> [Short descriptive text snippets]

_ _ _ _ _

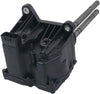 36410-60093 Transfer Case Actuator Shift Motor Replacement for Toyota 4Runner Lexus GX400 GX460 4WD 4-Wheel Drive Transmission GELUOXI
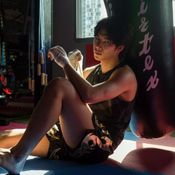 แม็กซ์ ณัฐพล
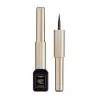 L'Oreal Paris Matte Signature Eyeliner Black 2ml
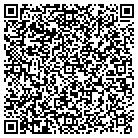 QR code with Advance Credit Services contacts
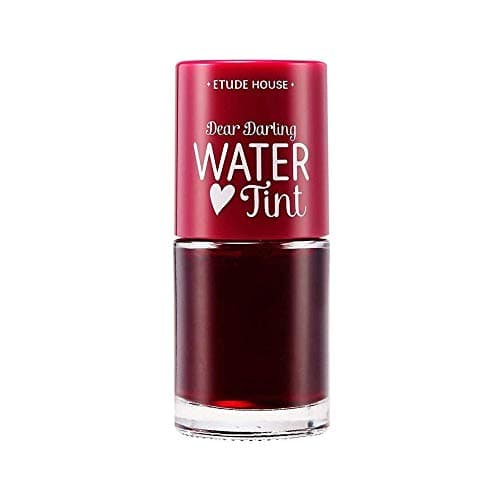 ETUDE Dear Darling Water Gel Tint NEW 5g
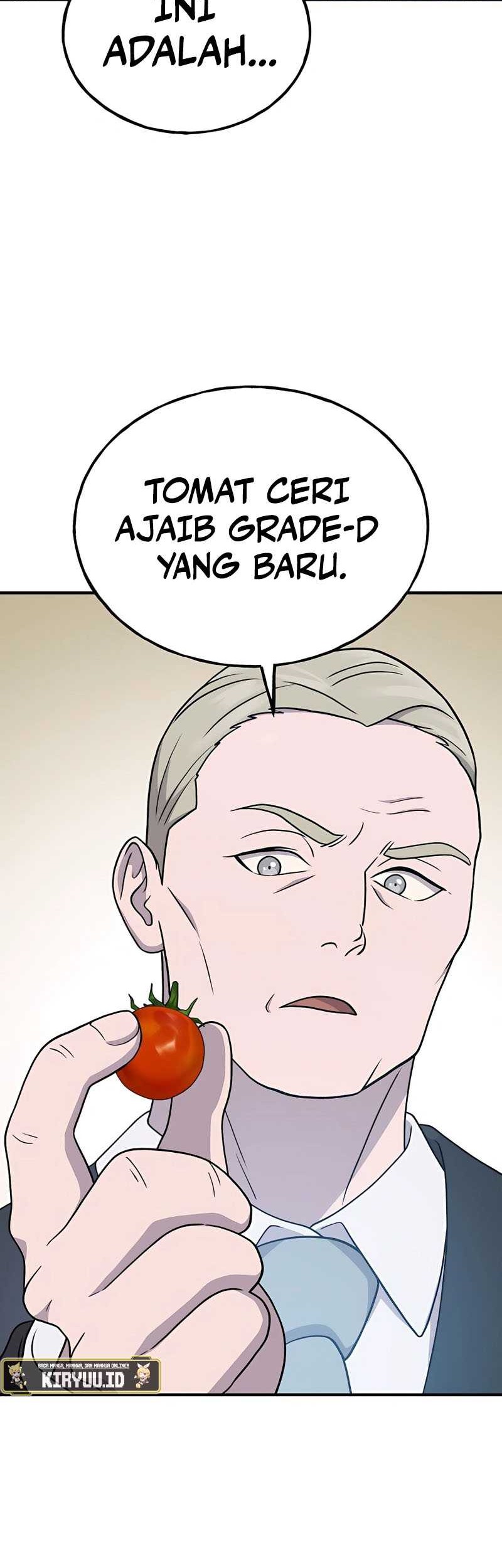 Halaman 72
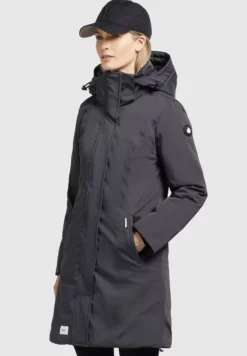 Khujo BLOSSOM - Talvitakki -Khujo Myyntikauppa aef18225330b45a4b5550875d39a6bcb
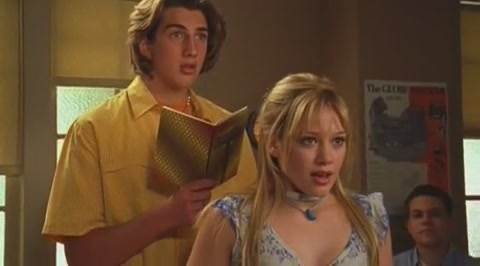DailyDuff-dot-org_LizzieMcGuire-2x15LizzieIntheMiddle0118.jpg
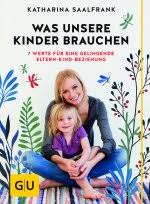 Dein kompetentes kind auf dem weg zu einer neuen wertgrundlage fur die ganze familie von jesper juul / jun 24, 2021 · ein kompetentes team, das großen wert auf gruppenübergreifendes arbeiten legt. Kompetentes Kind Serie Buch Dein Kompetentes Kind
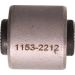 Lagerung, Lenker 72-6669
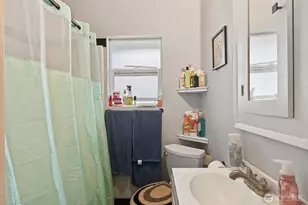 1202 S 3rd Ave, Kelso, WA 98626 - Photo 17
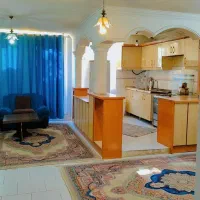 سویت فوتبالدستی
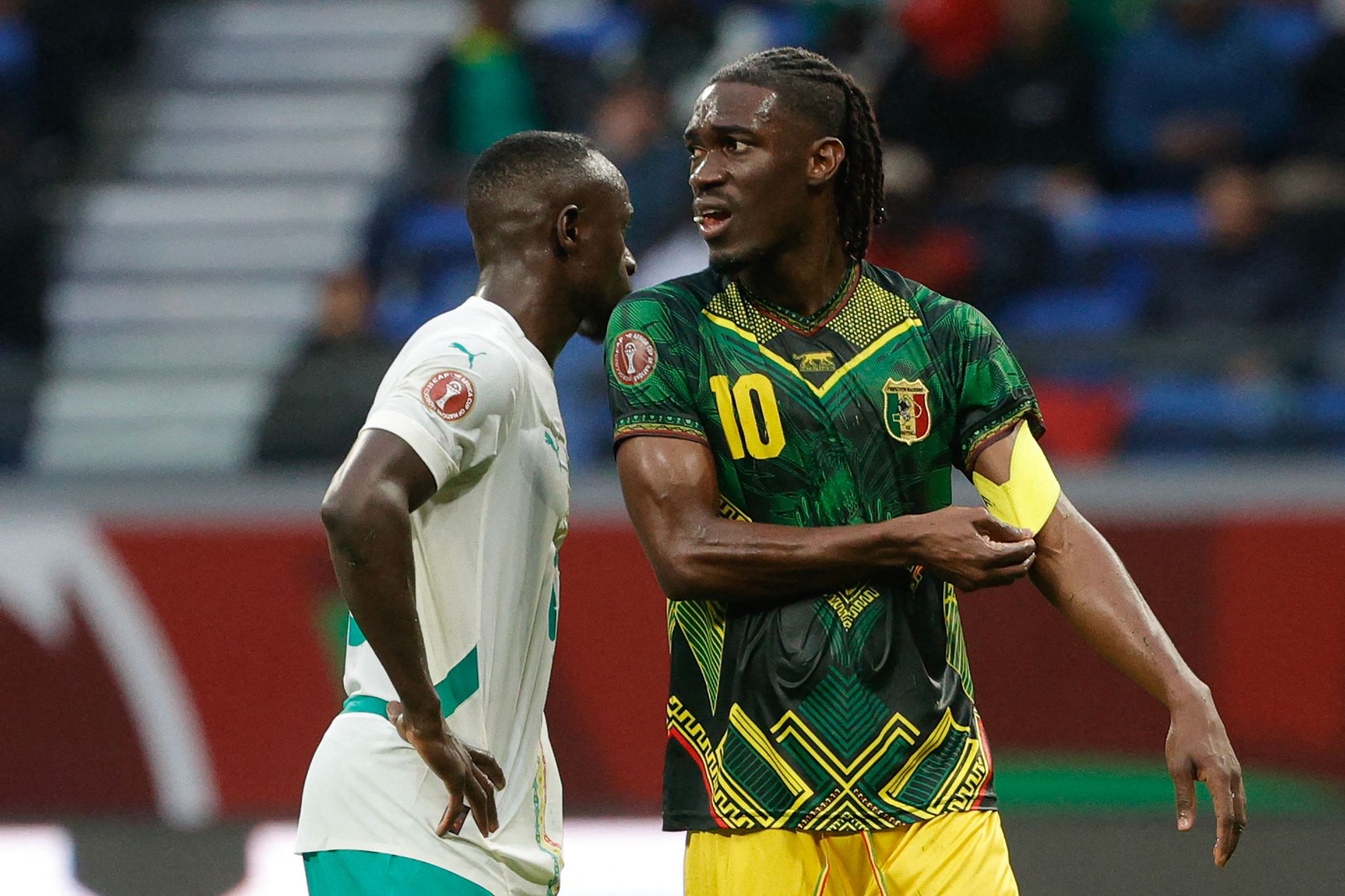 Galatasaray’dan son dakika transferi! İşte o yıldız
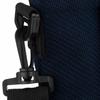 Torba R-TZ15605-ZH-4557 Navy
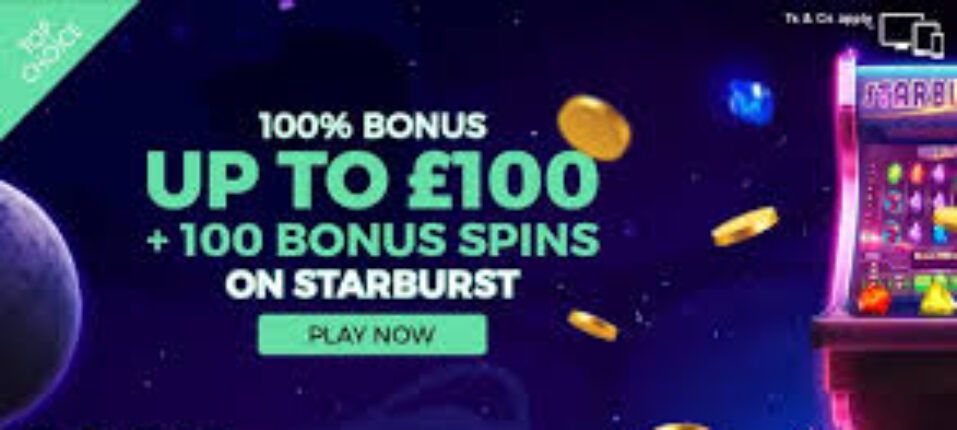 Cosmic Spins A Deep Dive into the Future of Entertainment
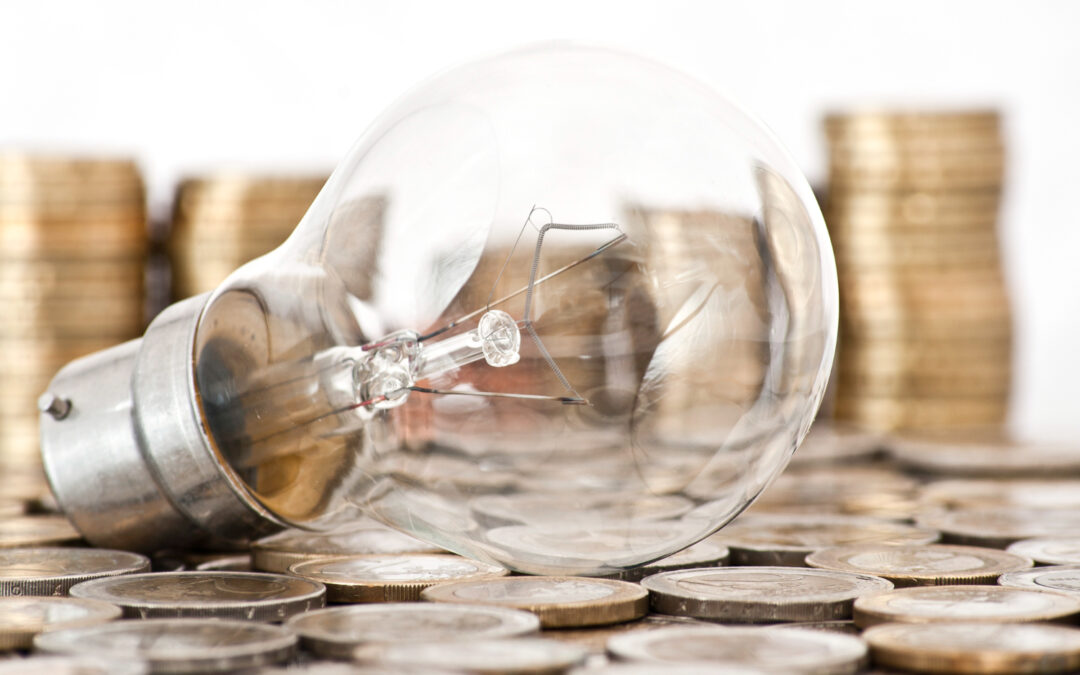 Crowdfunding para Startups: ¿Una alternativa viable?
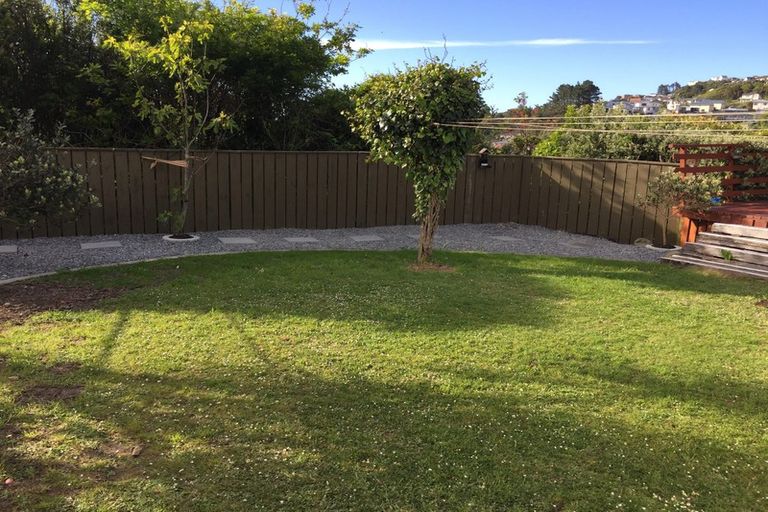 Photo of property in 6 Mclintock Street, Johnsonville, Wellington, 6037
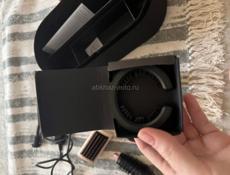 Стайлер Dyson 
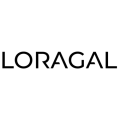 LORAGAL לורגל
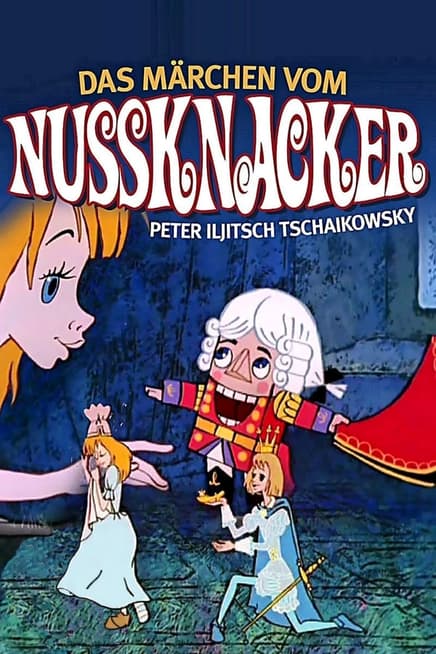 15 Best Nutcracker Movies And Where To Stream Them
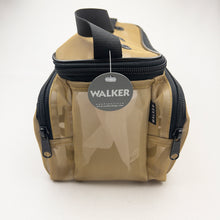 Load image into Gallery viewer, Walker Cosmetic Cases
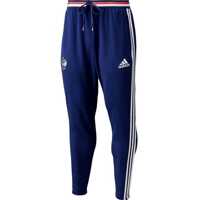 Pantaloni RFU TRG Pant Barbati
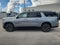 2025 Chevrolet Suburban RST Diesel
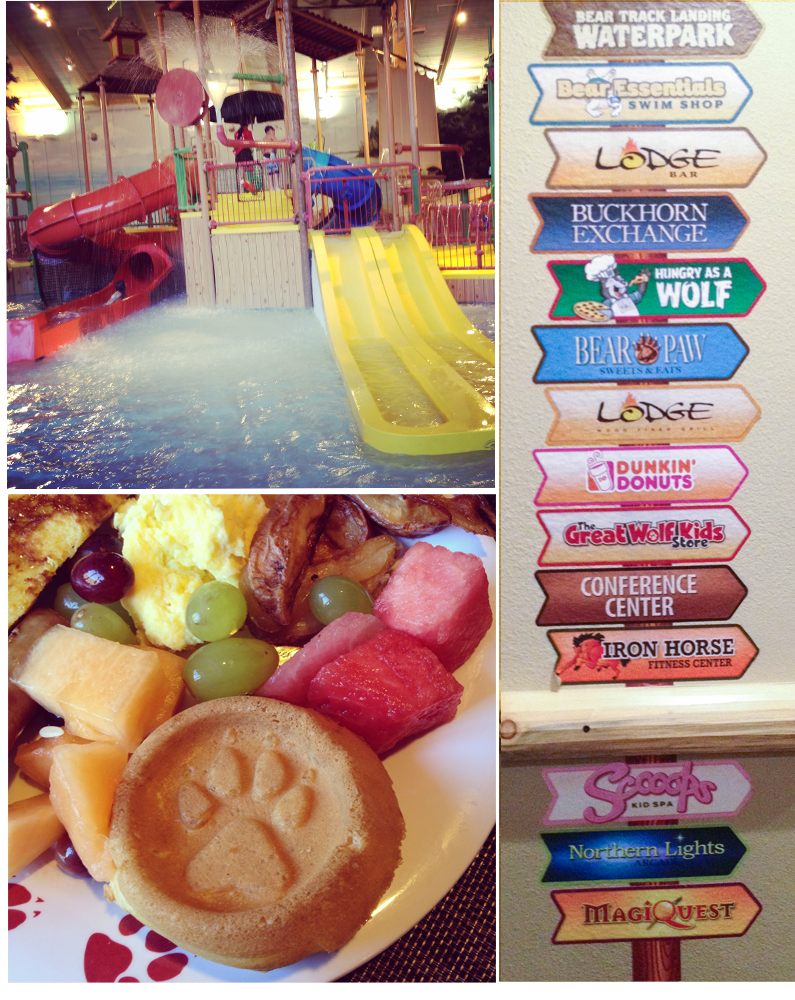 great wolf lodge prices great wolf lodge prices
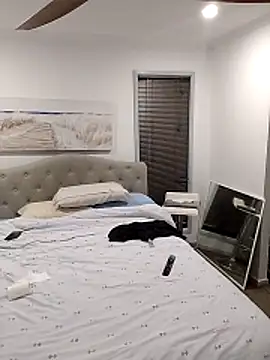 iamthepublickmasterbater online show from 11/06/25, 02:43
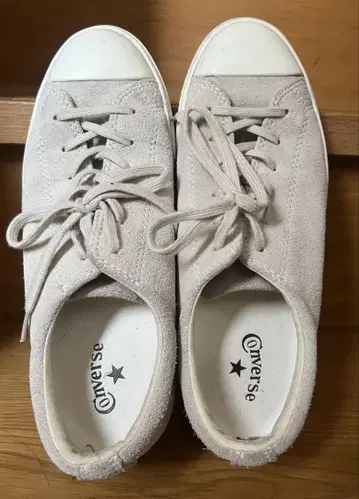 컨버스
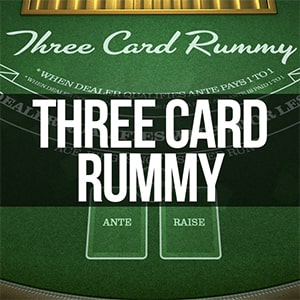 betsoft_three-card-rummy_any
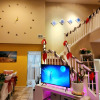 Отель Balloons and Wine, фото 28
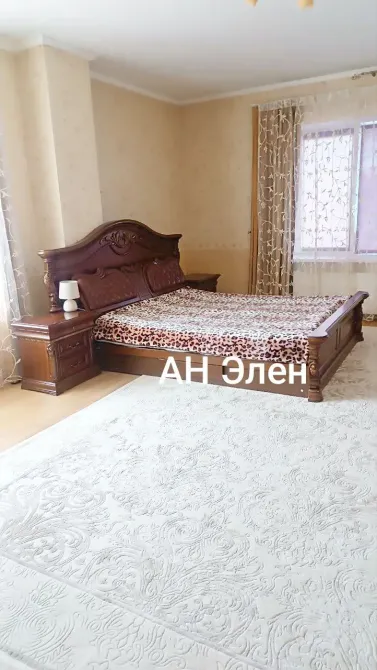 Продаж 3-поверховий Будинок з ділянкою 10 сот 410 кв.м 4 кімн. на вулиця Грушевського, 43 Одеса - фото 9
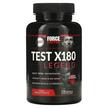 Фото товару Test X180 Legend Testosterone Booster, Бустер Тестостерону, 120 к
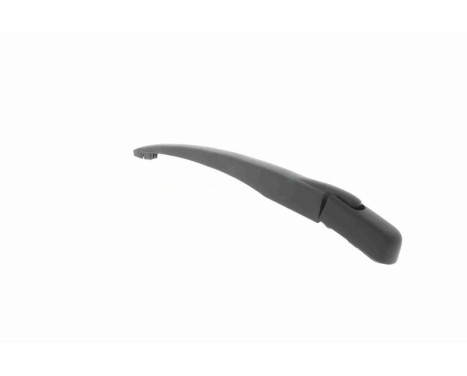 Wiper Arm, windscreen washer Original VAICO Quality V46-0602, Image 9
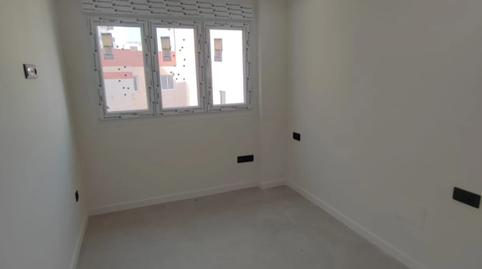 Foto 5 de Pis de lloguer a San Andrés - San Antolín, Murcia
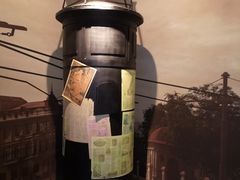 -哈尔滨规划展览馆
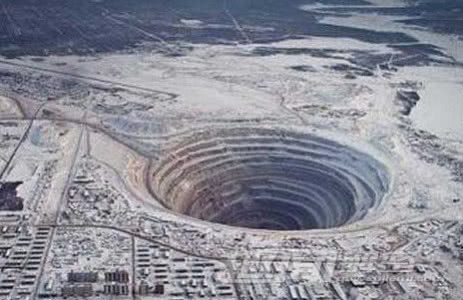 黑料不打烊 热点事件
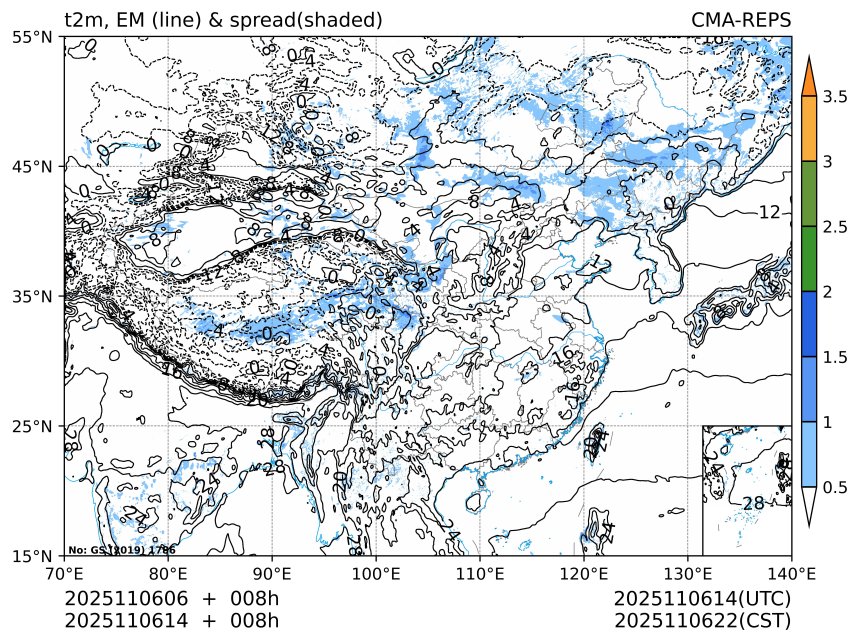 11/06 14时 +008小时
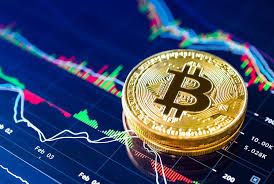 The Ultimate Guide to Crypto Trading Entry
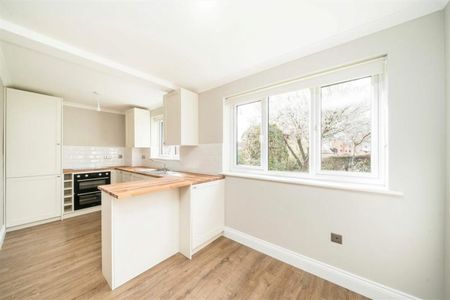 John Williams Close, SE14, London - Photo 2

_ _ _ _ _

> [About this task]
The response should hold only an exact retyping of the lines from the beginning of the data through the line containing "The Ultimate Guide to Crypto Trading Entry", both ends kept, pictures omitted.

> [Answer section]
 36410-60093 Transfer Case Actuator Shift Motor Replacement for Toyota 4Runner Lexus GX400 GX460 4WD 4-Wheel Drive Transmission GELUOXI
 แม็กซ์ ณัฐพล
 L'Oreal Paris Matte Signature Eyeliner Black 2ml
 QR code with Advance Credit Services contacts
 ETUDE Dear Darling Water Gel Tint NEW 5g
 Halaman 72
 Khujo BLOSSOM - Talvitakki -Khujo Myyntikauppa aef18225330b45a4b5550875d39a6bcb
DailyDuff-dot-org_LizzieMcGuire-2x15LizzieIntheMiddle0118.jpg
 Dein kompetentes kind auf dem weg zu einer neuen wertgrundlage fur die ganze familie von jesper juul / jun 24, 2021 · ein kompetentes team, das großen wert auf gruppenübergreifendes arbeiten legt. Kompetentes Kind Serie Buch Dein Kompetentes Kind
 Lagerung, Lenker 72-6669
 1202 S 3rd Ave, Kelso, WA 98626 - Photo 17
 سویت فوتبالدستی
 Galatasaray’dan son dakika transferi! İşte o yıldız
 Torba R-TZ15605-ZH-4557 Navy
 Cosmic Spins A Deep Dive into the Future of Entertainment
 Crowdfunding para Startups: ¿Una alternativa viable?
 Photo of property in 6 Mclintock Street, Johnsonville, Wellington, 6037
 Стайлер Dyson 
 LORAGAL לורגל
 15 Best Nutcracker Movies And Where To Stream Them
 Load image into Gallery viewer, Walker Cosmetic Cases
 Pantaloni RFU TRG Pant Barbati
 2025 Chevrolet Suburban RST Diesel
 great wolf lodge prices great wolf lodge prices
 iamthepublickmasterbater online show from 11/06/25, 02:43
 컨버스
 betsoft_three-card-rummy_any
 Отель Balloons and Wine, фото 28
 Продаж 3-поверховий Будинок з ділянкою 10 сот 410 кв.м 4 кімн. на вулиця Грушевського, 43 Одеса - фото 9
 Фото товару Test X180 Legend Testosterone Booster, Бустер Тестостерону, 120 к
 Wiper Arm, windscreen washer Original VAICO Quality V46-0602, Image 9
 Foto 5 de Pis de lloguer a San Andrés - San Antolín, Murcia
 -哈尔滨规划展览馆
 黑料不打烊 热点事件
 11/06 14时 +008小时
 The Ultimate Guide to Crypto Trading Entry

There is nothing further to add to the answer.